Although CEC did not make its report public, several media reports said that CEC made its recommendation based on several simulations of electronic voting.
Public broadcaster Bulgarian National Radio said that CEC concluded that even though electronic voting was more convenient to voters, it also held heightened risks – that the voter was not alone when exercising the franchise, that someone else was voting instead of them, or that the electoral databases could become the target of hacking attempts.
Furthermore, the lack of an electronic identification system created an additional obstacle in the way of introducing electronic voting.
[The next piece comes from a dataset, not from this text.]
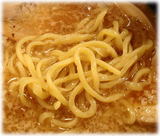 節骨麺たいぞう らーめんの麺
Bulgaria plans to introduce such a system, which would be incorporated in national ID cards, but a tender to pick a contractor was later cancelled and a new tender is yet to be called, news site Mediapool reported.
Bulgaria held a referendum on the introduction of electronic voting – which would allow Bulgarian nationals, especially the estimated hundreds of thousands living abroad, to cast their votes – in 2015, which showed 69.5 per cent of respondents were in favour, but turnout fell just short of making the outcome mandatory.
Parliament passed a resolution in support of the introduction of electronic voting in 2016, but is yet to amend the Electoral Code, opting instead to mandate CEC to investigate the costs and benefits of using electronic voting.
Separately, Bulgaria also plans to introduce machine voting, where citizens can use special machines in the voting precincts (as opposed to any online device in electronic voting), but was unable to implement the measure in time for last year’s snap parliamentary elections.